[Exercise directions] Nothing but the pictures should be dropped when the records are transcribed word for word.

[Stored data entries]
========================================

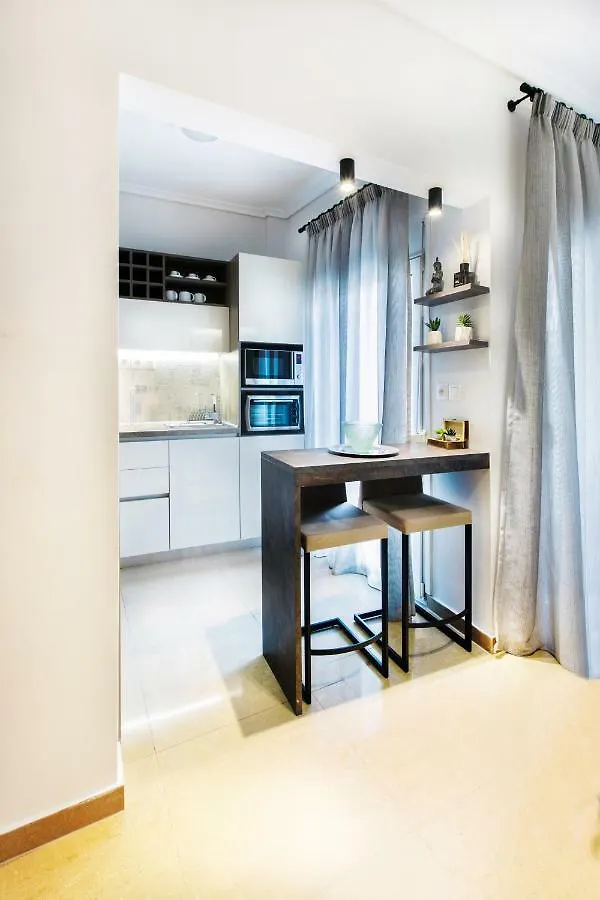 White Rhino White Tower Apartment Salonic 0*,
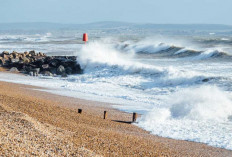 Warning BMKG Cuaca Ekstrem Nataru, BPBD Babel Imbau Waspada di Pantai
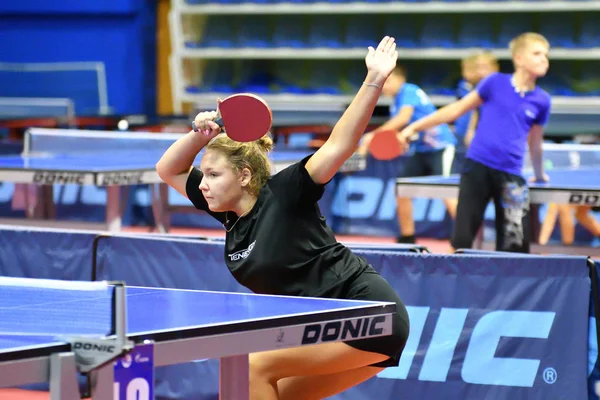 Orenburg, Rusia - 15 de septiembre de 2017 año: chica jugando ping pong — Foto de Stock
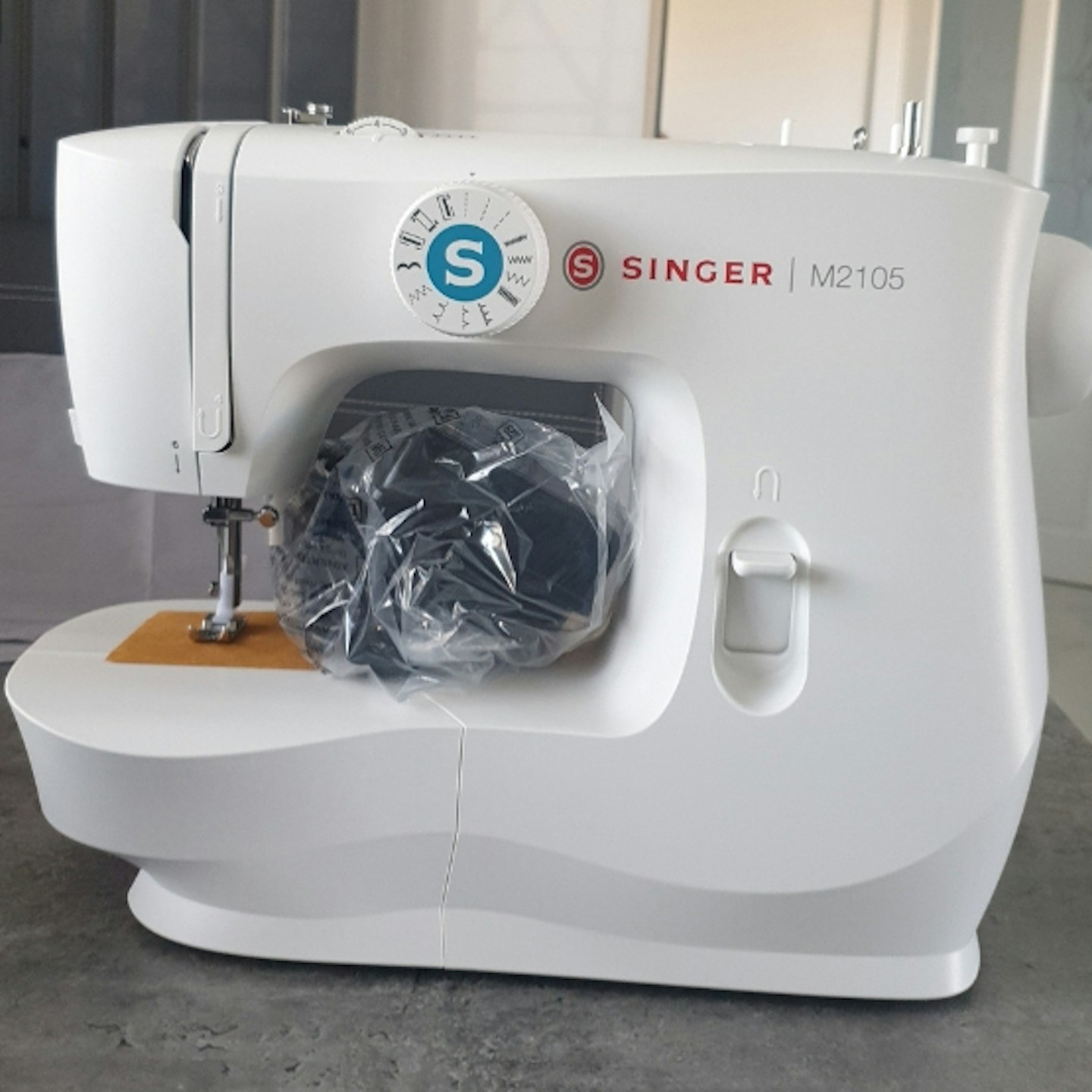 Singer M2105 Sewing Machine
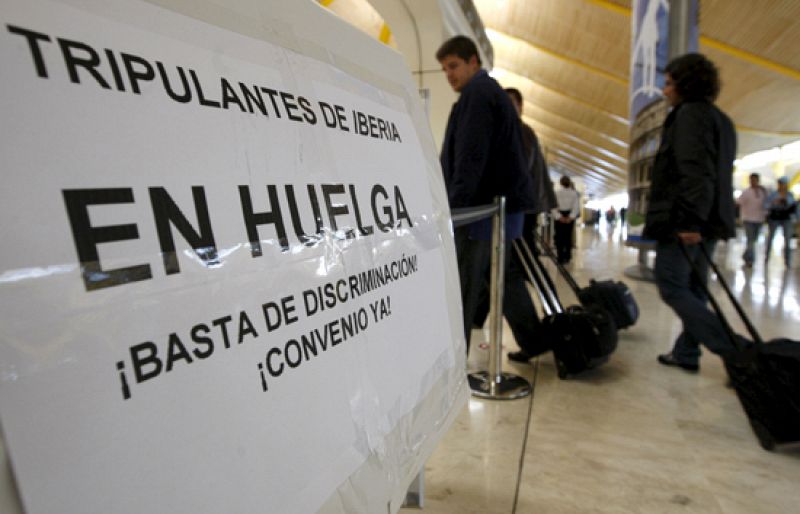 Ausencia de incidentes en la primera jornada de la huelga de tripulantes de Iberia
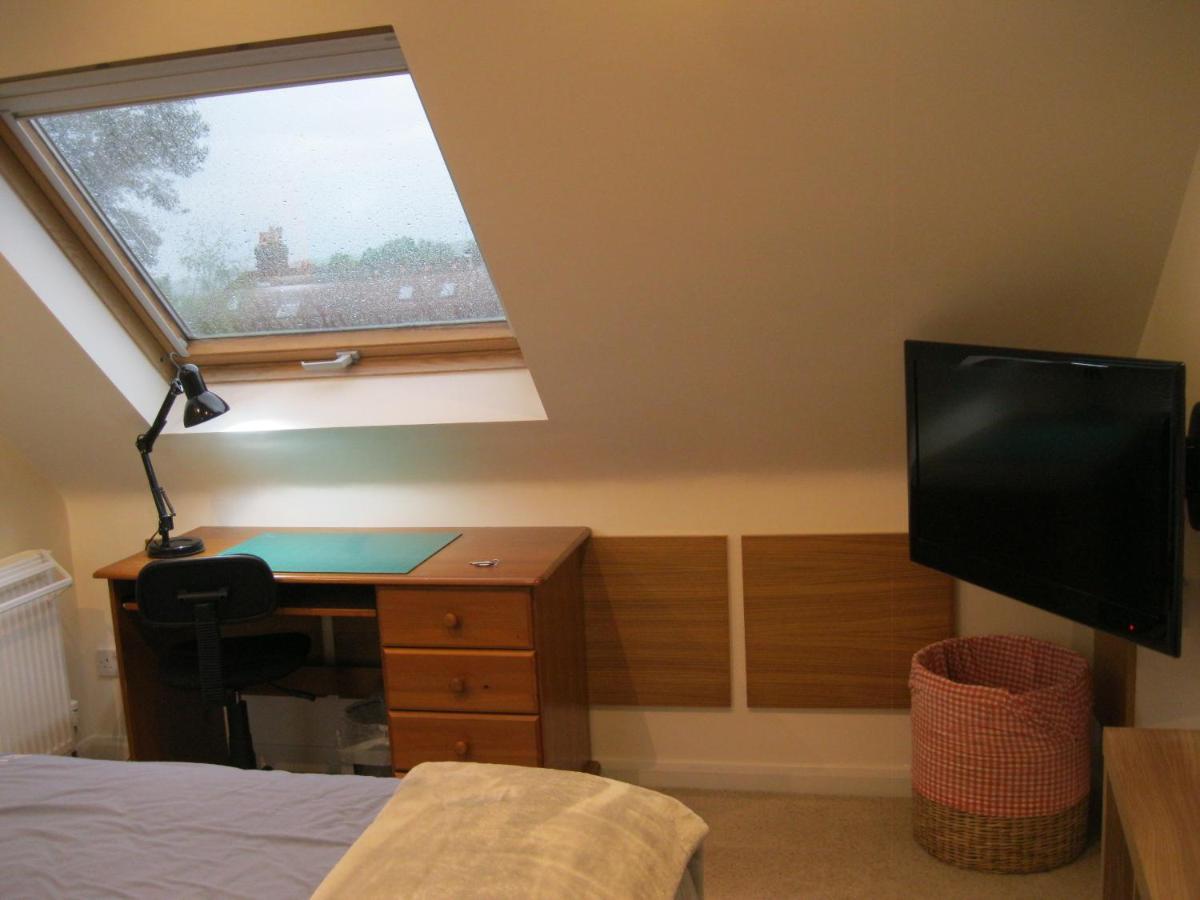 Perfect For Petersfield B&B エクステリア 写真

========================================

[Written solution]
 White Rhino White Tower Apartment Salonic 0*,
 Warning BMKG Cuaca Ekstrem Nataru, BPBD Babel Imbau Waspada di Pantai
 Orenburg, Rusia - 15 de septiembre de 2017 año: chica jugando ping pong — Foto de Stock
 Singer M2105 Sewing Machine
 Ausencia de incidentes en la primera jornada de la huelga de tripulantes de Iberia
 Perfect For Petersfield B&B エクステリア 写真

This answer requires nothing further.